HMS Trent has completed intensive training on Ukrainian and United States-hosted exercises during her second visit to the Black Sea in a matter of months.
UK Royal Navy press release
The patrol ship is on an enduring mission to the Mediterranean, having left the UK at the end of March to begin operations that will see her continually be a presence across the Med and south into the tropical waters of the Atlantic and Gulf of Guinea.
The Black Sea has also become familiar waters for Trent – one of five new River-class Batch 2 patrol vessels built for the Royal Navy to be a forward presence in areas of strategic important to the UK – having made her debut in the region in May.
Trent returned there for Exercise Sea Breeze, a mission designed to help the Ukrainian Navy improve its ability to work with NATO after it lost its operating base and two thirds of its fleet in 2014 as Russia annexed Crimea.
This latest mission builds on Trent’s earlier work in the region as part of Operation Orbital – the codename for the UK Armed Forces’ capacity building deployment to Ukraine, which established a UK-led Maritime Training Initiative to prepare the Ukrainian Navy for Exercise Sea Breeze.
Two Royal Navy officers have been deployed to improve the capabilities of the Ukrainian Navy to deliver training in a range of skills, while Trent and HMS Defender have both visited Odesa for shore-side exercises, which paved the way for further activity during Sea Breeze.
“Sea Breeze is a very broad exercise. For us it was very much about operating with partner nations in this region, including Ukraine, where we’re building on a maritime training initiative.
We now see training elements at sea in a more complex environment, learning how to manoeuvre our ships together, how to integrate other regional partners into our task group and manoeuvre with them and also build on command and control.”Trent’s Commanding Officer, Commander Tom Knott.
One of the multi-national task groups was made up of ships from eight nations, including the United States, Ukraine, Bulgaria, Italy, Georgia, Romania, Turkey and the UK.
The warships included those from NATO’s Standing Maritime Group 2, Arleigh Burke-class USS Ross, Bulgarian ship BGR Bodri, Romanian corvette ROS Macellariu, Ukrainian anti-submarine corvette Hryhoriy Kuropiatnykov and HMS Trent.
Together they trained in tracking submarines, engaging aerial and surface threats; ultimately increasing their ability to work together.

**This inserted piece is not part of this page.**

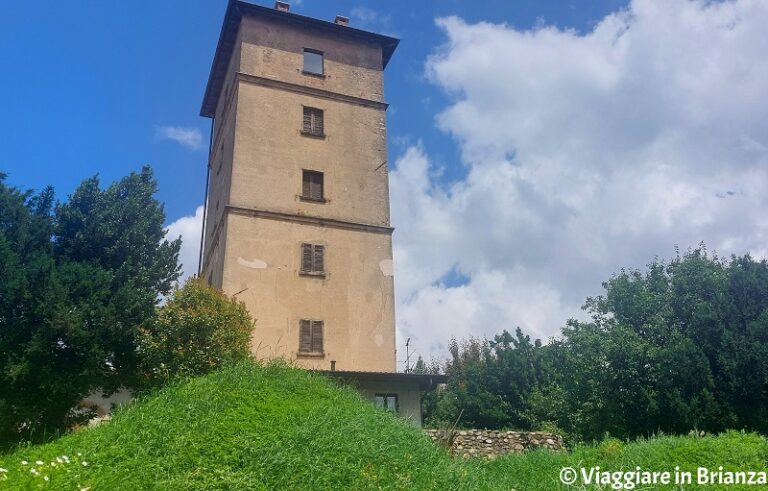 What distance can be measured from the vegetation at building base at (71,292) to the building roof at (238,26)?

“It was useful for us to operate with British colleagues in order to improve our tactical manoeuvring and formation skills at sea and various battle orders for warships.”First Lieutenant Bogdan Yatsko, involved in Trent’s training with Ukrainian patrol ship Kostopil,
Sea Breeze first started in 1997 and brings together NATO allies and partners to increase their ability to operate smoothly together.
This year’s iteration, which was co-hosted by the United States and Ukraine, saw a total of 31 ships carry out 175 different training scenarios, including Trent simulating towing USS Ross.

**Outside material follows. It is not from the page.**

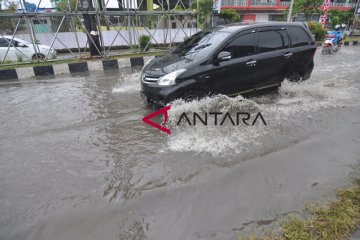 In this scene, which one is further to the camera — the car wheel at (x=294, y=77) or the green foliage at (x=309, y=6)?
the green foliage at (x=309, y=6)

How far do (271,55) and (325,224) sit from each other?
378cm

There were also air and land elements of Sea Breeze, with a total of 5,000 troops, 40 aircraft and 18 special operations and dive teams involved from more than 30 different nations.
Following Sea Breeze, Trent sailed to Varna in Bulgaria for a stop and reset ahead of the similarly-named Exercise Breeze, which she has now started, beginning with work alongside Bulgarian Navy ships Bodri and Gordi.
The multinational Bulgarian-led exercises includes participants from Albania, Belgium, Bulgaria, Georgia, Greece, Italy, Latvia, Poland, Romania, Spain, Turkey, Ukraine, United Kingdom, United States, Standing NATO Mine Countermeasures Group 2 (SNMCMG 2) and Standing NATO Maritime Group 2 (SNMG 2). It will again focus on joint working for future maritime security missions in the Black Sea.
Operational Orbital’s navy focus has now switched to planning next year’s Maritime Training Initiative with the long-term aim of helping lift the capability of the Ukrainian Navy.